Why does this not taste like watermelon?

or lime? all i taste is normal beer. this may as well be flat tire. don't get me wrong; it's still good and worth drinking. love new belgium. but there is no watermelon taste at all.

fat tire omfg lol

>fat tire
That is so rude wtf. You're obviously thinking of mean names to call me.

Dunno haven't tried it, their citradelic has a bit of orange taste to it. I think trippel is their best. Not too impressed with anything else (tho it's all drinkable)

This tasted exactly like watermelon, not a thing like beer.

It was a limited run, though. I don't know if you can buy any now.

I had this before. My gf bought it thinking it would be like one of her regular sweet, fruity cocktails. Her assumption was incorrect. It tastes like... jesus I have no fucking idea. You really just have to try it yourself to understand because it defies explanation.

no it literally just tastes like fat tire. stores should still be selling it all over; someone go out and buy it to confirm!

New Belgium sucks (their Lips of Faith is pretty good though)

21st ammendment has a good watermelon wheat

I like most things New Belgium ever made, but the watermelon was stupid and the lime citradelic wasnt very good either. Ranger, Trippel, Fat Tire, Voodoo Ranger, Lips of Faith and all the seasonal big bottle high gravs are all at least decent

WE GET IT YOU VAPE

I hope you kill yourself.

because youre a faggot who bought watermelon lime ale

because they likely added the watermelon during the first fermentation.

Light flavors like fruit added during the first ferment doesn't add ANY sweetness, very little flavor, and no scent to any brewed beverage, because the yeast devours any and all sugars and the CO2 from the fermentation pushes out any scents and light flavors as it diffuses.
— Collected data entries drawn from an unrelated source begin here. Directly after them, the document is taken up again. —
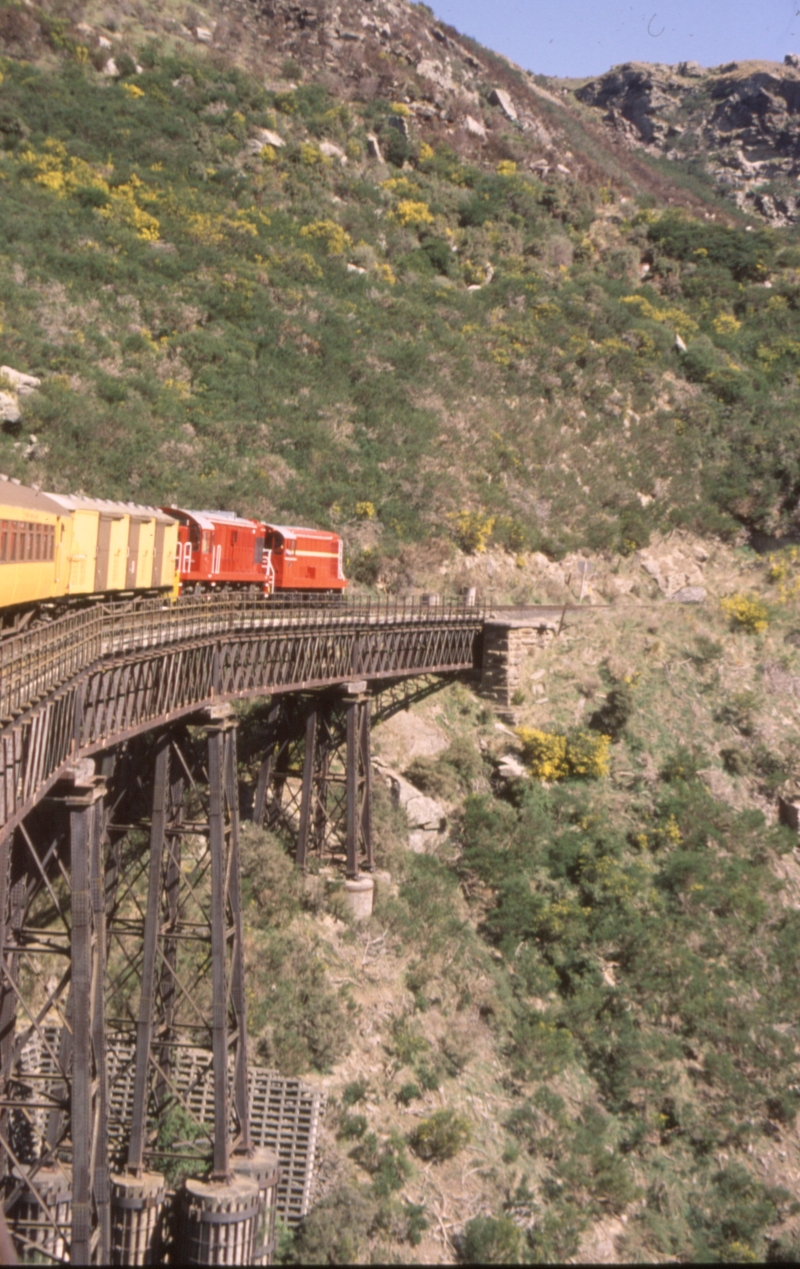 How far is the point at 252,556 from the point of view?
3058 centimetres

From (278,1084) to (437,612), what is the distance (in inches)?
581

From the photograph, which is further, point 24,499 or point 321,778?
point 321,778

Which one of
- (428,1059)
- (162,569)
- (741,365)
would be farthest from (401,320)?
(428,1059)

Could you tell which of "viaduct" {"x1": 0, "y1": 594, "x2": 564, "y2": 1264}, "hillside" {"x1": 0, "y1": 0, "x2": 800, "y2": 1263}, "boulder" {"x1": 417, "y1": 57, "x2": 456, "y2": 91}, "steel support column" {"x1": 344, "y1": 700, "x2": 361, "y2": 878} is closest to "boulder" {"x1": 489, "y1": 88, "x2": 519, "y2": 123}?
"hillside" {"x1": 0, "y1": 0, "x2": 800, "y2": 1263}

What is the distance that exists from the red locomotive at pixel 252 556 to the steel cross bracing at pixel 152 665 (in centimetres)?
264

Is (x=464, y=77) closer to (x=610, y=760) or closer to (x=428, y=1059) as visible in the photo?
(x=610, y=760)

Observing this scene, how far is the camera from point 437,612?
102ft

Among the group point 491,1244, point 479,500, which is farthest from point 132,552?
point 479,500

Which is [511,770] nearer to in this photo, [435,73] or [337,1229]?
[337,1229]

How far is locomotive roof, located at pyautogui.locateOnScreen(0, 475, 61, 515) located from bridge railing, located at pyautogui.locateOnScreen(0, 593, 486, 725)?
1929mm

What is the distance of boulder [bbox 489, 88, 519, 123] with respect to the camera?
7612 centimetres

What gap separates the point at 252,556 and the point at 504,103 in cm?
5926

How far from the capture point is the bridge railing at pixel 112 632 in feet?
40.2

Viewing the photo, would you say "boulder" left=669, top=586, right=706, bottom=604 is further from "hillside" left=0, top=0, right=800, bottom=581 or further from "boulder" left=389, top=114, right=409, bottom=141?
"boulder" left=389, top=114, right=409, bottom=141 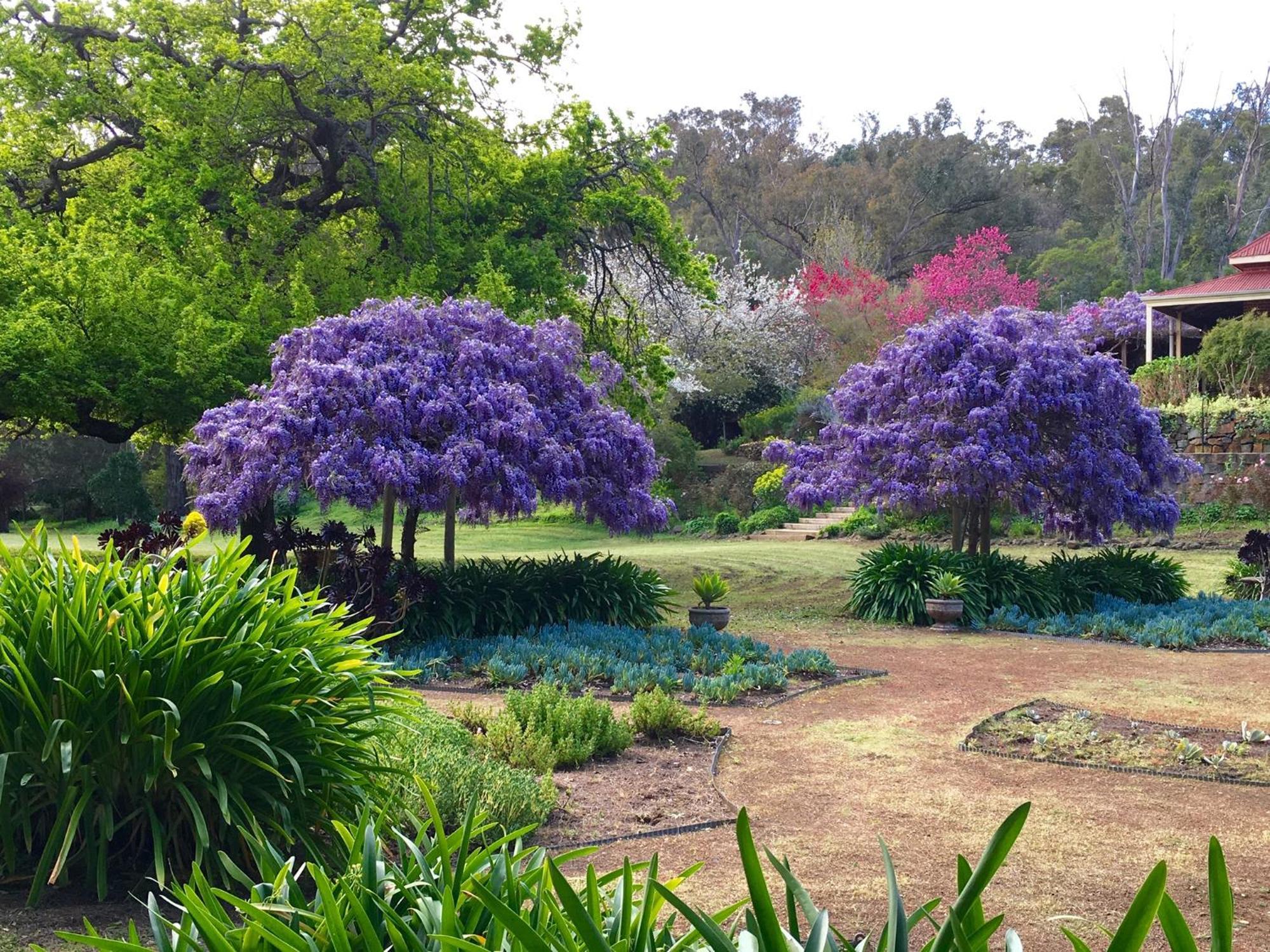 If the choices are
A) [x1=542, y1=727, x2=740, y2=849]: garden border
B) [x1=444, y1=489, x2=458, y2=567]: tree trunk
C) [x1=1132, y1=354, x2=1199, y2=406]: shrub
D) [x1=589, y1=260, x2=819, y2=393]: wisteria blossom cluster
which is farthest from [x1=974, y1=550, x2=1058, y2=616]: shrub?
[x1=589, y1=260, x2=819, y2=393]: wisteria blossom cluster

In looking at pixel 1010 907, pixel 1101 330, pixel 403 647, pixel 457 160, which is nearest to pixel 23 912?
pixel 1010 907

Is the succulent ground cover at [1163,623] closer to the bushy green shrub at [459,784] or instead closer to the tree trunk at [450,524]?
the tree trunk at [450,524]

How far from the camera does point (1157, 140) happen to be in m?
50.1

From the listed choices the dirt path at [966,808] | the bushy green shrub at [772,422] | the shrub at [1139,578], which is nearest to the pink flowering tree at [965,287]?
the bushy green shrub at [772,422]

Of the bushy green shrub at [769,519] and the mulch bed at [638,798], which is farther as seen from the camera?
the bushy green shrub at [769,519]

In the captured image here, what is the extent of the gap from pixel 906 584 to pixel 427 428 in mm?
6484

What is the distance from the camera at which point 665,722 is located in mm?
7613

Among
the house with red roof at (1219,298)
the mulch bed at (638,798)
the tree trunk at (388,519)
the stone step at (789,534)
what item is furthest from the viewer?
the house with red roof at (1219,298)

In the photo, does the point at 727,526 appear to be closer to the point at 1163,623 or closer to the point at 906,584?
the point at 906,584

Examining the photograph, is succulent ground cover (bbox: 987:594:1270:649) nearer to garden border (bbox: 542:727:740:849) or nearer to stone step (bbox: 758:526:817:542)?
garden border (bbox: 542:727:740:849)

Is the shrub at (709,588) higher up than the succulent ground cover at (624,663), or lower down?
higher up

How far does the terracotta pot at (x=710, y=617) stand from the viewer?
1254 centimetres

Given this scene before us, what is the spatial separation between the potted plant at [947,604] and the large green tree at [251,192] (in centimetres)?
656

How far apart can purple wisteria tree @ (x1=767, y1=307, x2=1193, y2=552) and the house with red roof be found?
50.5 feet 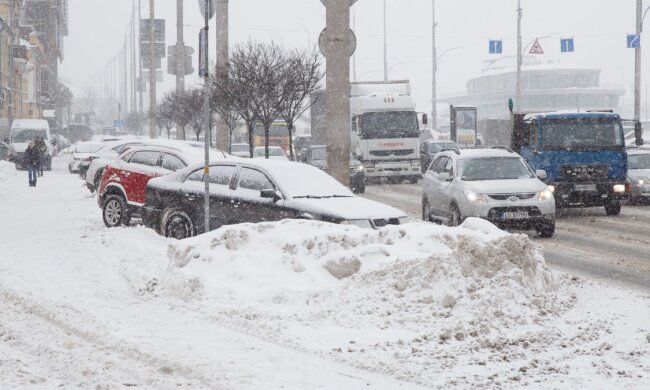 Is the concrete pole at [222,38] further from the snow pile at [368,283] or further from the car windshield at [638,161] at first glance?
the snow pile at [368,283]

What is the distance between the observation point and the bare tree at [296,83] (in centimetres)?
2741

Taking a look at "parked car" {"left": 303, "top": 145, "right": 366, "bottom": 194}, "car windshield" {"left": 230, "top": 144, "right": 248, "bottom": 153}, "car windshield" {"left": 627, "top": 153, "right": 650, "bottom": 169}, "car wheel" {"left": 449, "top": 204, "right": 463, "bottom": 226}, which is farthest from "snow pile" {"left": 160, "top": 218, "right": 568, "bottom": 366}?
"car windshield" {"left": 230, "top": 144, "right": 248, "bottom": 153}

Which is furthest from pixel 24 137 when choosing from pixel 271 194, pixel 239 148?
pixel 271 194

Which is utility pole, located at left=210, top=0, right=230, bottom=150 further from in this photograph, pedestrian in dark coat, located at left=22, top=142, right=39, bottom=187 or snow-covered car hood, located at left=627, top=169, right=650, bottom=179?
snow-covered car hood, located at left=627, top=169, right=650, bottom=179

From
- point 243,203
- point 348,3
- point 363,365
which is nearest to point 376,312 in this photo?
point 363,365

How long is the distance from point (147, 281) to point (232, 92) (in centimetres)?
1685

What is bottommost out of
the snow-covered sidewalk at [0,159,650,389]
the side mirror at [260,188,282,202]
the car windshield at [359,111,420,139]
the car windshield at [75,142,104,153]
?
Result: the snow-covered sidewalk at [0,159,650,389]

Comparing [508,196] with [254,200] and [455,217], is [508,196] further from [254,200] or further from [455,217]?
[254,200]

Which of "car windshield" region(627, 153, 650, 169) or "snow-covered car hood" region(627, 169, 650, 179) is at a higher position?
"car windshield" region(627, 153, 650, 169)

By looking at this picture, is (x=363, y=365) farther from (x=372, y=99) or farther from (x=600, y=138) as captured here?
(x=372, y=99)

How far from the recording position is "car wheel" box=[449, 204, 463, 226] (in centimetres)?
1711

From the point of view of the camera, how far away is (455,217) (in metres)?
17.3

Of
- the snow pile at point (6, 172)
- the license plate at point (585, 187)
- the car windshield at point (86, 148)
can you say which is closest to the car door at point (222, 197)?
the license plate at point (585, 187)

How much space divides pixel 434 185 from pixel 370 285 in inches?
362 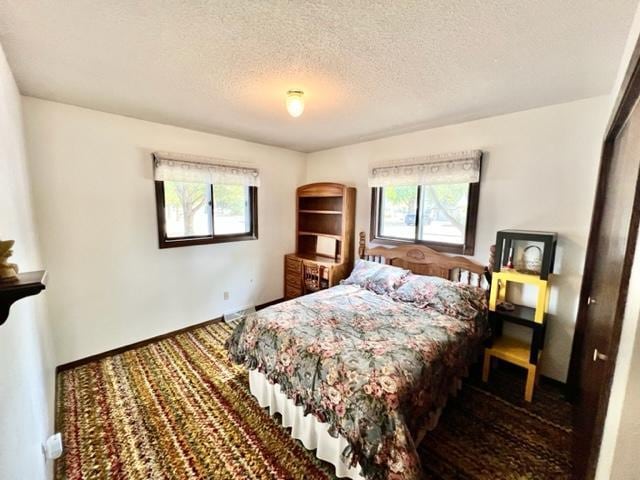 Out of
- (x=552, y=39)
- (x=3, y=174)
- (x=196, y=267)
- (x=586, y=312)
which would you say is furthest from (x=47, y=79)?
(x=586, y=312)

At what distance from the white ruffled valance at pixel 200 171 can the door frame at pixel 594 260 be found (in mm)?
3295

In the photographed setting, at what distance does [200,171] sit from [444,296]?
2.86 m

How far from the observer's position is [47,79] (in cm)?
191

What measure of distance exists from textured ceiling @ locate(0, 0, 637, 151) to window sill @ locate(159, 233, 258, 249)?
1344mm

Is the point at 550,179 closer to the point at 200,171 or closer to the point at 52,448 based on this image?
the point at 200,171

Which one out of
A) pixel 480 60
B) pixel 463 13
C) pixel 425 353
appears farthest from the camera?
pixel 425 353

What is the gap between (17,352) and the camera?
3.82 feet

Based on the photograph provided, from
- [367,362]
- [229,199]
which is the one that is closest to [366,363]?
[367,362]

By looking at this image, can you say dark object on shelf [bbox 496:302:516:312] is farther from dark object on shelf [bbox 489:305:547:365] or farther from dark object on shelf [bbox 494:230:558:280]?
dark object on shelf [bbox 494:230:558:280]

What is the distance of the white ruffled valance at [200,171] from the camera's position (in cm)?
288

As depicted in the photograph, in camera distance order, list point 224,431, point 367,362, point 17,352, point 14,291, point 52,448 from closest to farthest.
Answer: point 14,291 < point 17,352 < point 52,448 < point 367,362 < point 224,431

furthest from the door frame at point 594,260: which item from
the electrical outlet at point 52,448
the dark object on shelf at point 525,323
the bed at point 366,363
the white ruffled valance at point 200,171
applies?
the white ruffled valance at point 200,171

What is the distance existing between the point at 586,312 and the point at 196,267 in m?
3.70

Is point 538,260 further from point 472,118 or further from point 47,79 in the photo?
point 47,79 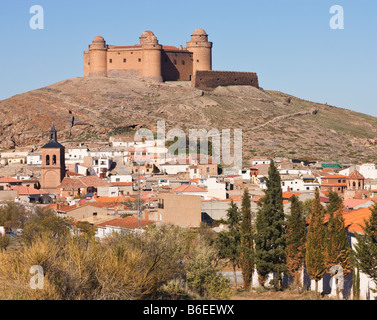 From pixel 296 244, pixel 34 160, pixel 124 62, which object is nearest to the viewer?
pixel 296 244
If you add fruit, add it AFTER the first racking, where the yeast won't eat nearly as much and there will be far less co2.

>see that cat?
>see the cradle?
good taste user. maybe not with the beer though

New Belgium are noobs. Their raspberry brew is the same way. Slight scent of raspberry and that's about it

>user
Are you blind? It's a nice book, though.

Their coconut curry hefe was so fuckong good. Goddamn lips of faith. I wish they continued it.

>are you blind?
Maybe? Did I miss something? Sorry... I just really like cooking and vonnegut.

>New Belgium
>beer

Pick one

>but there is no watermelon taste at all
I mean this in the nicest way possible: your taste buds are fucked. Someone handed this to me in a glass, and I asked them what was with the watermelon jolly rancher in the beer. It's extremely obvious in the flavor.

Whoever decided to make watermelon beer should be castrated. Along with the people who buy it.

As much as I hate to be a Leinenkugel shill, their watermelon shandy ain't half bad if you're genuinely, actually, for some goddamn reason looking for a watermelon beer

I loooove Trippel and Fat Tire, but I thought Voodoo Ranger DIPA was pretty bad. Is the regular Voodoo Ranger any better?